By Rush TV contributor

ST GEORGE’S, Grenada -- By way of judgment dated April 13, 2017, in the matter of Bank Crozier Limited (in liquidation) [through Garvey Louison, liquidator] and RBTT Bank Grenada Limited, Madame Justice Gilford ruled that:

1. The claim is struck out for failure to comply with the order of the Master.

2. In light of the ruling of the court, the court does not see the need to address its mind to the application of the claimant for lifting of the stay.

The effect of this judgment is to strike out the liquidator’s claim leaving only a possibility of an application to the court of appeal.

Garvey Louison
By way of background, RBTT bank transferred the sum of US$2 million out of the account held by Louison, liquidator for Bank Crozier Limited at its branch in Grand Anse, St George’s, Grenada.

At that point the bank’s only defence was that a consent agreement signed between the liquidator and BCIL St Lucia (in Liquidation) in 2005 had provided them the authority to release the money from the liquidator’s account without his signature or knowledge.

This defence broke down when it was revealed that there was a stay on the consent agreement clearing the way for the liquidator to lodge a claim before the court.

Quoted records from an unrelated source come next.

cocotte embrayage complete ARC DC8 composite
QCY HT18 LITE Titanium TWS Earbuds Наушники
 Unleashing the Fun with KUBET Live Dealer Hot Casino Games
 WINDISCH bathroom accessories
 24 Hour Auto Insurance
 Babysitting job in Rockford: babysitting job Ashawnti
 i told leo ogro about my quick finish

The claim was brought by Louison, liquidator for Bank Crozier Limited (in liquidation) on the ruling of Madame Justice Price-Findlay, that:

1. The liquidator of Bank Crozier Limited (in liquidation), Louison, is hereby authorized to institute a claim in the name of Bank Crozier Limited (in liquidation) against RBTT Bank Grenada Limited of Grand Anse, St George’s, Grenada, for:

Damages and losses, interest and cost and such further and other relief sustained as a result of its release, disbursement, and/or transfer of the sum of US$2 million from its account held therein to BCIL (St Lucia) (in liquidation) in breach of the orders of the court dated 29 November 2005 and 21 December 2005.

The bank’s second line of defence was that the liquidator should lodge US$50,000 as security for costs in the event that the court rules against him. The liquidator lodged the security for costs one minute late. RBTT applied that the claim be stuck of for the failure of the liquidator to comply with the order of the court. The court struck off the claim.

Legal luminaries are shocked by the stance taken by the court. They cite the principle of “de minimus non curat lex”. Under this principle, the court has a duty to examine the breach by a party and to weigh its sanctions against the substrata of the case. This Latin maxim roughly translated means “the law cares not for small things". Under this legal doctrine by which a court refuses to consider trifling matters.

According to the current legal thinking, in considering striking out a claim the court considers the parties’ pleaded case. No additional evidence is considered by the court. The pleaded facts are presumed to be true. The court would only strike out a claim where the statement of case discloses no reasonable cause of action or in the words of the chief justice “is plainly bad in law”.

In striking out the claim, the judge refused to consider the likelihood of success of the underlying claim. It would appear that the liquidator has grounds for filing an appeal.